12.2    Notwithstanding the provisions of Section 12.1, if the Independent Tax Advisor reasonably determines that the Participant would receive, in the aggregate, a greater amount of the Payments on an after-tax basis (including all applicable federal, state and local income, employment and other applicable taxes and the Excise Tax) if the Payments were not reduced or eliminated to the Reduced Amount pursuant to Section 12.1, then no such reduction shall be made notwithstanding that all or any portion of the Payments may be subject to the Excise Tax.

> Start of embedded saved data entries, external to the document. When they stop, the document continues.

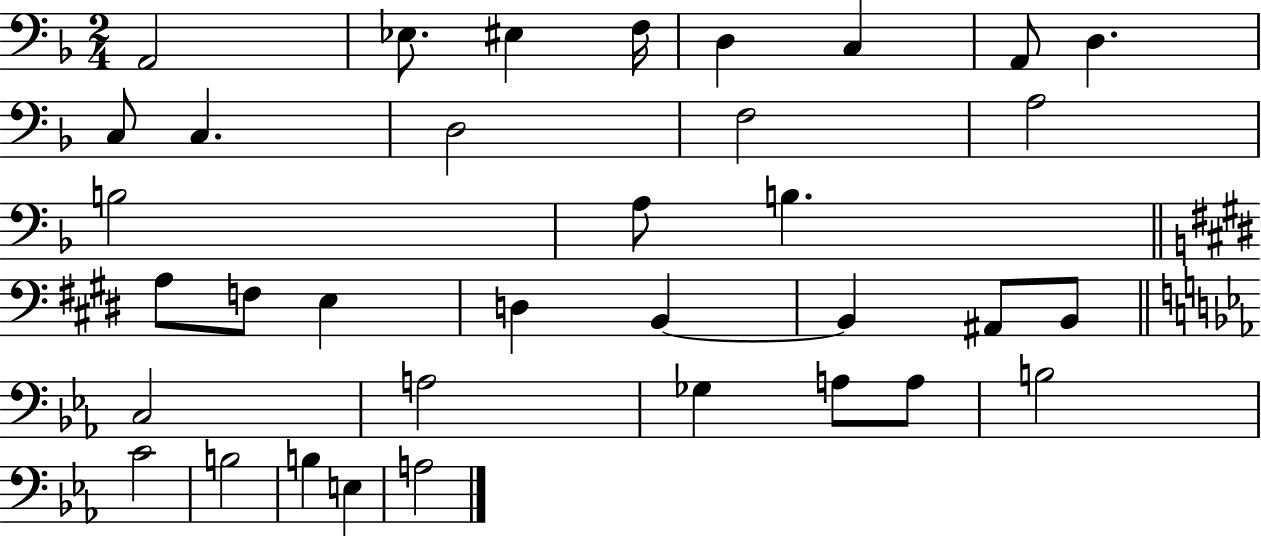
A2/h Eb3/e. EIS3/q F3/s D3/q C3/q A2/e D3/q. C3/e C3/q. D3/h F3/h A3/h B3/h A3/e B3/q. A3/e F3/e E3/q D3/q B2/q B2/q A#2/e B2/e C3/h A3/h Gb3/q A3/e A3/e B3/h C4/h B3/h B3/q E3/q A3/h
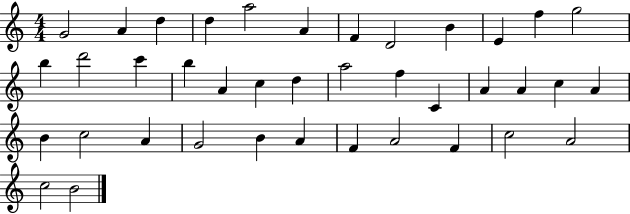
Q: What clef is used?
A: treble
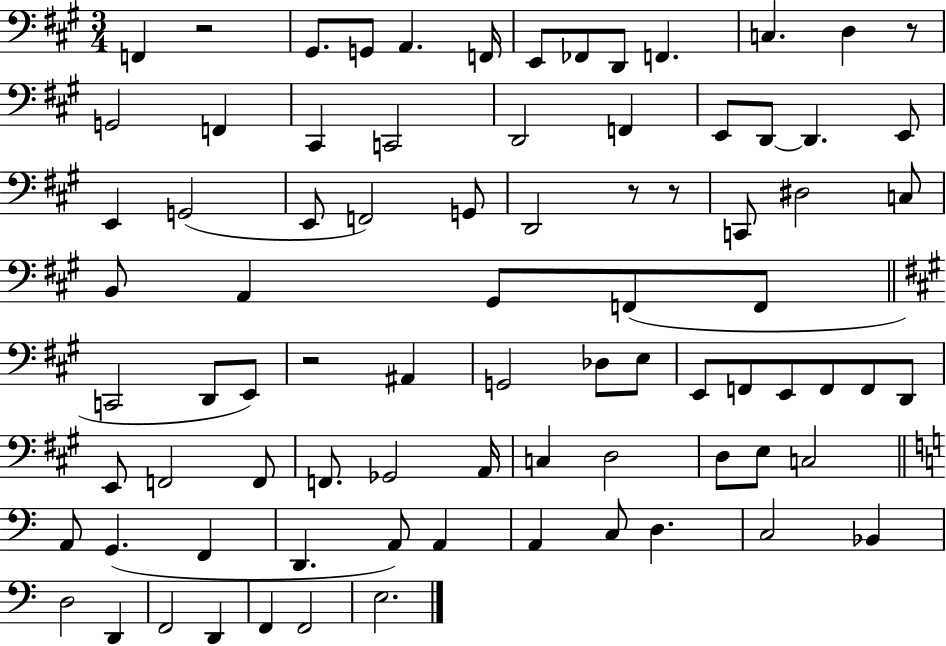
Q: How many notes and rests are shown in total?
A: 82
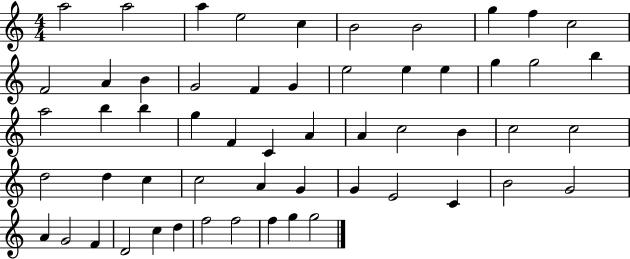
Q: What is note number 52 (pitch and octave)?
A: F5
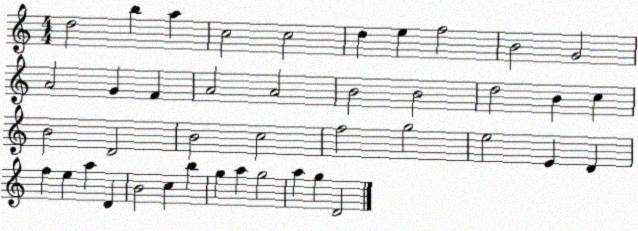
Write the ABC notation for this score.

X:1
T:Untitled
M:4/4
L:1/4
K:C
d2 b a c2 c2 d e f2 B2 G2 A2 G F A2 A2 B2 B2 d2 B c B2 D2 B2 c2 f2 g2 e2 E D f e a D B2 c b g a g2 a g D2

12.3    For purposes of determining which of Section 12.1 and Section 12.2 shall be given effect, the determination of which Payments shall be reduced or eliminated to avoid the Excise Tax shall be made by the Independent Tax Advisor. The Independent Tax Advisor shall provide its determinations, together with detailed supporting calculations and documentation, to the Company and the Participant for their review no later than 10 days after the date of termination. If a reduction in payments or benefits is necessary so that the Payments equal the Reduced Amount, reduction shall occur in the following order: (i) first by reducing or eliminating the portion of the Payments that are payable in cash, (ii) second by reducing or eliminating the portion of the Payments that are not payable in cash (other than Payments as to which Treasury Regulations Section 1.280G-1 Q/A – 24(c) (or any successor provision thereto) applies (“Q/A-24(c) Payments”)) and (iii) third by reducing or eliminating Q/A-24(c) Payments. In the event that any Q/A-24(c) Payment or acceleration is to be reduced, such Q/A-24(c) Payment shall be reduced or cancelled in the reverse order of the date of grant of the awards. The determinations of the Independent Tax Advisor under this Section 12 shall, after due consideration of the Company’s and the Participant’s comments with respect to such determinations and the interpretation and application of this Section 12, be final and binding on the parties absent manifest error. The Company and the Participant shall furnish to the Independent Tax Advisor such information and documents as the Independent Tax Advisor may reasonably request in order to make the determinations required under this Section 12.

[Remainder of Page Intentionally Left Blank]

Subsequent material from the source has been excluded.